How To Pack Food Safely When Camping In Bear Country

Camping in bear country means getting to explore some of the world's most beautiful and remote areas. But it comes with its own set of responsibilities. Bears have an incredible sense of smell and an insatiable appetite. If you're going camping in bear country, it's on you to make sure your food is packed safely because nothing smells better than an uncooked hot dog or a bunch of granola bars to a hungry bear.

Packing food correctly in bear country isn't something you do only for your own safety. Have you heard the rather morbidĀ adage "a fed bear is a dead bear?" Yup. If you carelessly leave food lying around, you're risking the life of any bear that gets a whiff of your discarded hamburgers or the stick you used to toast marshmallows.

The National Parks Service (NPS) site lists several reasons why it's so dangerous for bears to have access to human food. They include the fact that eating human food can cause bears to lose their fear of people, making dangerous encounters more likely, sometimes leading to the bear being euthanized. You don't want that on your conscience.

Lock, stock, and bear-proof barrels

You can literally save a bear's life by storing your food correctly while camping. There are many ways you can do this. If you're camping with a hard-sided vehicle, the NPS suggests storing all food items inside. That includes cooking utensils, stoves, and anything else that will carry the divine scent of your leftover dinner.

In some parks, including Yosemite National Park, it is forbidden to leave anything with a scent in your vehicle overnight. You must use the bear-proof food lockers provided. Always check with local rangers about the regulations and recommendations when camping in bear country.

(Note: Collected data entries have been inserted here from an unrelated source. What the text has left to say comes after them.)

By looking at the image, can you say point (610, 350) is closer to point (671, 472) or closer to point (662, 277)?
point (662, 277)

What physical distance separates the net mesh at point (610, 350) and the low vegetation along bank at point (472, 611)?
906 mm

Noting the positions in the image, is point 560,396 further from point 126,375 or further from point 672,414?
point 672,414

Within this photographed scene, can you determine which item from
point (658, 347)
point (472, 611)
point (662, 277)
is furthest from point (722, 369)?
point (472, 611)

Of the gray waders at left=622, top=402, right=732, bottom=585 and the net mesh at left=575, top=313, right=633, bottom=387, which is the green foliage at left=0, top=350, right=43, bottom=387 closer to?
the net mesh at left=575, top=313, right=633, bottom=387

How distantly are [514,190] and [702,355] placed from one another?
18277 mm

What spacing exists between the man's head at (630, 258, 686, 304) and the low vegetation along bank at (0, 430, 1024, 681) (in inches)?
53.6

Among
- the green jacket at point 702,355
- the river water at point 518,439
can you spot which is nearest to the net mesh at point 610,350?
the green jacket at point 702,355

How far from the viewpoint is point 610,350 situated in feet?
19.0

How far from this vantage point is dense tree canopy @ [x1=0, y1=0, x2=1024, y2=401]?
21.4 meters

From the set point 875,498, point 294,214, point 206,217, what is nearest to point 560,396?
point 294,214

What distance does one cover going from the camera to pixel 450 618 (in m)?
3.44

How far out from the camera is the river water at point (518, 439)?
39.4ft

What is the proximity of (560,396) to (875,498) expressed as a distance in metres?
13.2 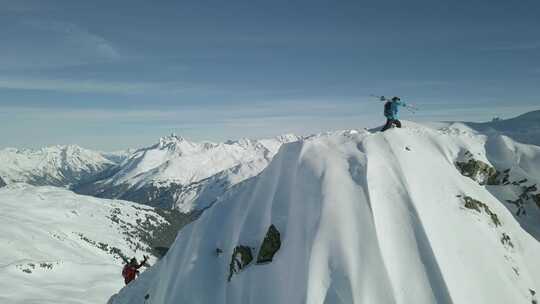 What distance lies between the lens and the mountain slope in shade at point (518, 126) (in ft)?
146

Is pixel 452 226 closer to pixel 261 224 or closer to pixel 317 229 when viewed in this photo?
pixel 317 229

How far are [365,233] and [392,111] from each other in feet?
43.2

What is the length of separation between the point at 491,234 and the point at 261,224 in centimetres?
1182

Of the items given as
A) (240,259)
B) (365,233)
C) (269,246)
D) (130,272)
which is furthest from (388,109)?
(130,272)

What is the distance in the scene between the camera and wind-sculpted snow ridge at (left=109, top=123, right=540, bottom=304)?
1784cm

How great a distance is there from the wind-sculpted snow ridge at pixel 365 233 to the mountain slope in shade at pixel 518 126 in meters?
18.5

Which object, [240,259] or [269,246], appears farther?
[240,259]

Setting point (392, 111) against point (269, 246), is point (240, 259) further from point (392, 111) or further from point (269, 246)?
point (392, 111)

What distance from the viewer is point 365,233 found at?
1911cm

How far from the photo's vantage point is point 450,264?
18.3 meters

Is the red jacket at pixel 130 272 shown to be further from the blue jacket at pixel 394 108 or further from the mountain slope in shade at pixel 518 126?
the mountain slope in shade at pixel 518 126

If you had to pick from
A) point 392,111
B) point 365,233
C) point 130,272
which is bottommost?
point 365,233

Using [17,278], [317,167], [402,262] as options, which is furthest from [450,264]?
[17,278]

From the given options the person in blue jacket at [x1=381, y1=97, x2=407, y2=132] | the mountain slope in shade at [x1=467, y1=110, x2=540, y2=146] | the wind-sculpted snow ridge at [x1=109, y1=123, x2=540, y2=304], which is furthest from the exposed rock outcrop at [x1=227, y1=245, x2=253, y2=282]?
the mountain slope in shade at [x1=467, y1=110, x2=540, y2=146] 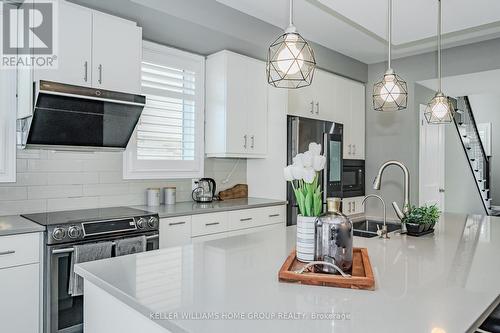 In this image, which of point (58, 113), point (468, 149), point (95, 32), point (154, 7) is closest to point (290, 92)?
point (154, 7)

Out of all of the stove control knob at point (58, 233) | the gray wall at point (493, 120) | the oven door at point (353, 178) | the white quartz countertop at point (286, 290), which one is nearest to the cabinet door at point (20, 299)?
the stove control knob at point (58, 233)

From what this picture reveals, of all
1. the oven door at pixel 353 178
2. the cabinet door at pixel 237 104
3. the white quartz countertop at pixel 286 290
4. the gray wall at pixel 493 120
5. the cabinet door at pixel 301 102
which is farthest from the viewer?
the gray wall at pixel 493 120

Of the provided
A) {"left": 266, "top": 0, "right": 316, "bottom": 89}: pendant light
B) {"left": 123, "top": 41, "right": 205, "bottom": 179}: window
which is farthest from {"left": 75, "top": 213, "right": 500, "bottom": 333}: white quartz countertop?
{"left": 123, "top": 41, "right": 205, "bottom": 179}: window

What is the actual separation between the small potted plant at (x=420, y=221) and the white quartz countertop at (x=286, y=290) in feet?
1.09

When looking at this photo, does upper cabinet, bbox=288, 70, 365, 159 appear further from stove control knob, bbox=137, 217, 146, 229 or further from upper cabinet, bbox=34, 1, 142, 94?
stove control knob, bbox=137, 217, 146, 229

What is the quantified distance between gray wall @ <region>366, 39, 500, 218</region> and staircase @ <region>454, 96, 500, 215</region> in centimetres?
210

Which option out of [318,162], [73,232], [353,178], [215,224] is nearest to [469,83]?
[353,178]

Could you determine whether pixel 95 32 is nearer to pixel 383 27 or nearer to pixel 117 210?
pixel 117 210

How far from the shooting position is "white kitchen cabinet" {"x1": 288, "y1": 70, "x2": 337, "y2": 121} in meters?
4.21

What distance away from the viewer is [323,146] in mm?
3980

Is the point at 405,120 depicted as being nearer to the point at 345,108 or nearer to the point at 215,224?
the point at 345,108

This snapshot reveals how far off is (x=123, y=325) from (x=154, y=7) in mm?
2279

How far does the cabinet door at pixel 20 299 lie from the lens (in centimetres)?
211

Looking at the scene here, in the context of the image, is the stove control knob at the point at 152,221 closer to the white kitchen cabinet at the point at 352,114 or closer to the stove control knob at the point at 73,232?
the stove control knob at the point at 73,232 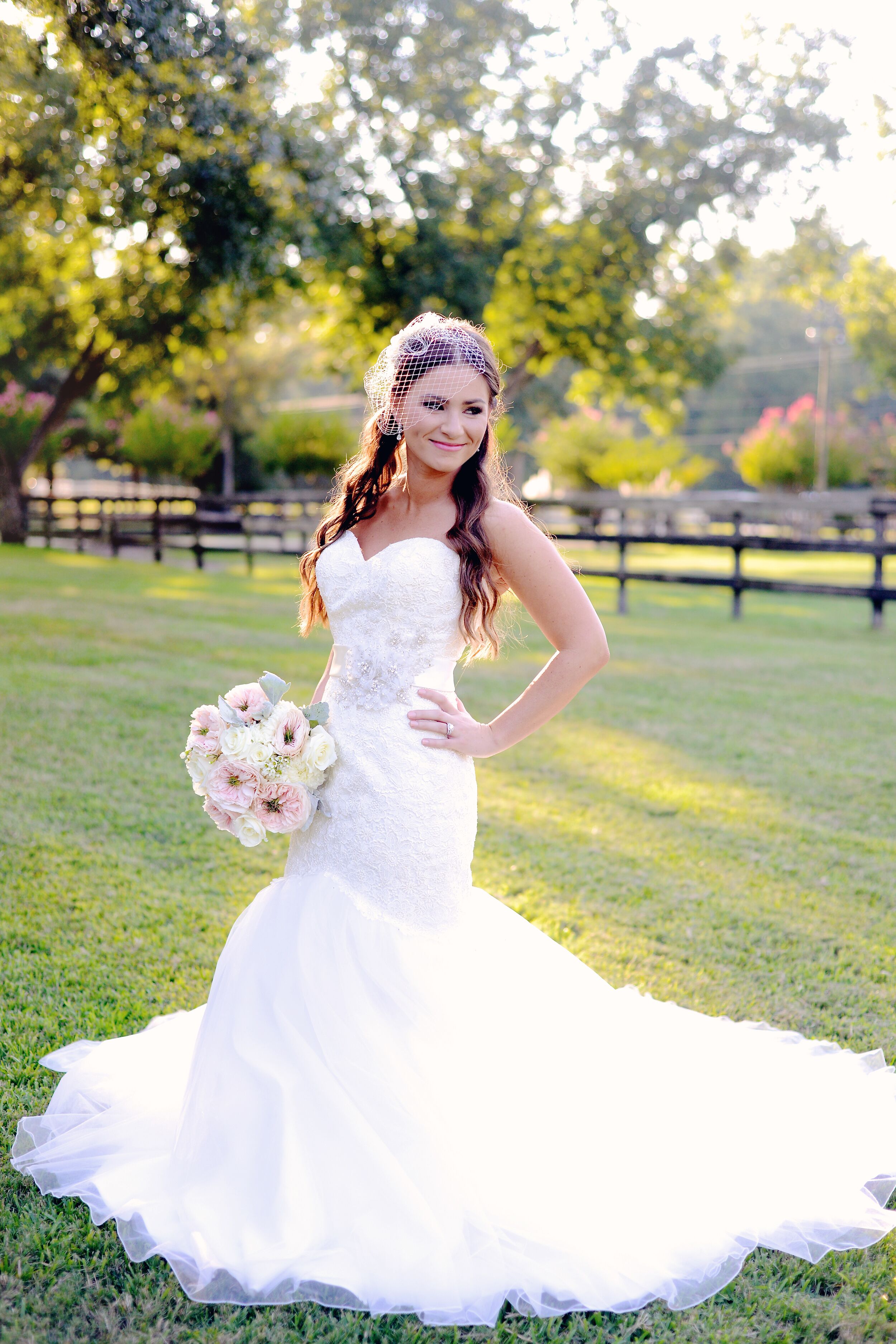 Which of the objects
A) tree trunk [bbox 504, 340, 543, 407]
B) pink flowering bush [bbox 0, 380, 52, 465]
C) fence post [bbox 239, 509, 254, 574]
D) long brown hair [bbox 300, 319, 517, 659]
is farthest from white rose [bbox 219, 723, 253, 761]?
pink flowering bush [bbox 0, 380, 52, 465]

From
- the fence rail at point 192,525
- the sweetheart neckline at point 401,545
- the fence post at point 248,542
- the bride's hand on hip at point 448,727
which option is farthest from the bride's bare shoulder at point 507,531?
the fence post at point 248,542

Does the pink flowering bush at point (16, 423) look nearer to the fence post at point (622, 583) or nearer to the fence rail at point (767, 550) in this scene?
the fence rail at point (767, 550)

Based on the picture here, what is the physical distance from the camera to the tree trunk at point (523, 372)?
22.4m

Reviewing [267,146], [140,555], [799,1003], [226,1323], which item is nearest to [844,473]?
[140,555]

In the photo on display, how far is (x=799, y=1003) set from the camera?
146 inches

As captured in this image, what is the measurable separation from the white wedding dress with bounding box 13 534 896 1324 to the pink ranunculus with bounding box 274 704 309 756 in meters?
0.13

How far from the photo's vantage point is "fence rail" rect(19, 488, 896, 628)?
13305 mm

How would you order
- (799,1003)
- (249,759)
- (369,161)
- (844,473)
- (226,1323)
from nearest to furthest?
(226,1323) < (249,759) < (799,1003) < (369,161) < (844,473)

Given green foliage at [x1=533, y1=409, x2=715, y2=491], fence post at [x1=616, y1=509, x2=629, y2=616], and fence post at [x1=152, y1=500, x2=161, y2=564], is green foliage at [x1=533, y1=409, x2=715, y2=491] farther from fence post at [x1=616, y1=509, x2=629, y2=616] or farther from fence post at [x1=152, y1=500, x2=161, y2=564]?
fence post at [x1=616, y1=509, x2=629, y2=616]

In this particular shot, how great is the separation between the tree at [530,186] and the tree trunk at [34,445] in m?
5.12

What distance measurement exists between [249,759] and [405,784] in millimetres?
375

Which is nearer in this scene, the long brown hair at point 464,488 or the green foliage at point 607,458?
the long brown hair at point 464,488

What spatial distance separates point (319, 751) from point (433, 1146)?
91 centimetres

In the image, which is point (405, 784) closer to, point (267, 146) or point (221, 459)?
point (267, 146) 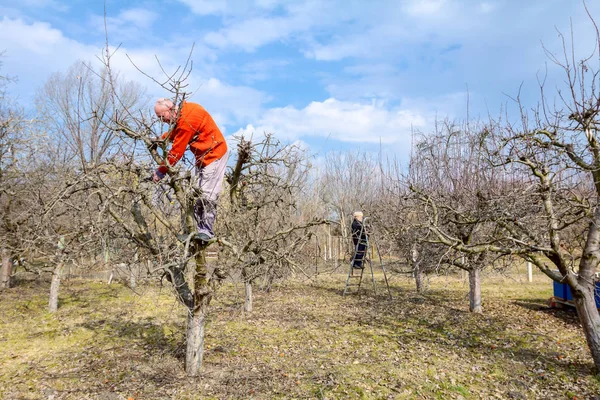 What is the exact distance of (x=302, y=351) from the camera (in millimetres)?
5902

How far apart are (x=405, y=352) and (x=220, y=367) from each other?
2675 millimetres

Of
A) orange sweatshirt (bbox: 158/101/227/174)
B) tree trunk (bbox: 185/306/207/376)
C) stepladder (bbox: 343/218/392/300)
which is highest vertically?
orange sweatshirt (bbox: 158/101/227/174)

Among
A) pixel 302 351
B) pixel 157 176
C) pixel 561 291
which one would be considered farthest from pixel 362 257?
pixel 157 176

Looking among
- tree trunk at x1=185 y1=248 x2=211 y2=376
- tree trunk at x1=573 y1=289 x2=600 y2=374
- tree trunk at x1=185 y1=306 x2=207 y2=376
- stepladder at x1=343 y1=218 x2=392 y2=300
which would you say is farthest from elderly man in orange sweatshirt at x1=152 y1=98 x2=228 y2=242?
stepladder at x1=343 y1=218 x2=392 y2=300

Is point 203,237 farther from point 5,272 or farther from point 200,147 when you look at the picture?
point 5,272

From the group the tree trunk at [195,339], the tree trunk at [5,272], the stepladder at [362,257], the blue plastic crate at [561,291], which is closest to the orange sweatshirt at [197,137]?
the tree trunk at [195,339]

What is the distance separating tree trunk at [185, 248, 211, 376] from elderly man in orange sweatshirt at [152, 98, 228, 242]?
48cm

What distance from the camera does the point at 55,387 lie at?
460 centimetres

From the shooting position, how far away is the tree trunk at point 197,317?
4637 millimetres

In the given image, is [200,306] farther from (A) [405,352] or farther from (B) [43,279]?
(B) [43,279]

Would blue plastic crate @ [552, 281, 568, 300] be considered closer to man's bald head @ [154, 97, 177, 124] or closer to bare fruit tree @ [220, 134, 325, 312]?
bare fruit tree @ [220, 134, 325, 312]

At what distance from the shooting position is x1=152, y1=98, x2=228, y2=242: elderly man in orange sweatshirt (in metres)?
3.88

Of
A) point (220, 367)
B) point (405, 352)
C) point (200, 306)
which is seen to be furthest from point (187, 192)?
point (405, 352)

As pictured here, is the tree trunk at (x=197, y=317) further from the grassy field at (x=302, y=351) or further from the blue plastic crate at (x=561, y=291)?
the blue plastic crate at (x=561, y=291)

If you're not camping with a vehicle, you'll need to employ other methods. Many campgrounds where bears are known to roam will have food lockers, like in Yosemite. If you're in the backcountry, you have two main options: using a bear-proof food container or suspending your bear attractants between trees. If using a container, the NPS states it should be at least 100 feet away from where you're sleeping. For those who plan to hang their food, Parks Canada advises hanging it 13 feet off the ground and at least one 3 feet from the tree trunks.

Be bear aware

One man's trash is another bear's treasure. Seriously. That candy bar wrapper you left lying on the picnic table: bear caviar. It isn't just food that you need to consider when camping in bear country. Parks Canada has a list of bear attractants that includes beverage containers, perfumed cosmetics, and wastewater from doing dishes. It's extremely important to store or dispose of items correctly. Garbage and cosmetics go with your food, and wastewater is thrown away at a designated dump station. The NPS also warns against trying to burn leftover food or even teabags and coffee grounds on a campfire. The fires are not hot enough, and bears will still be able to sniff out any organic matter.

You should also cook away from your sleeping area and never cook inside your tent, as smells tend to linger. Parks Canada strongly suggests cooking at least 330 feet downwind of where you're going to sleep. Finally, stay bear aware at all times: keep your camping area clean, don't turn your back on your cooler or any food sitting on a bench, and report any bear encounters to rangers. Camping in bear country is a privilege not to be taken lightly.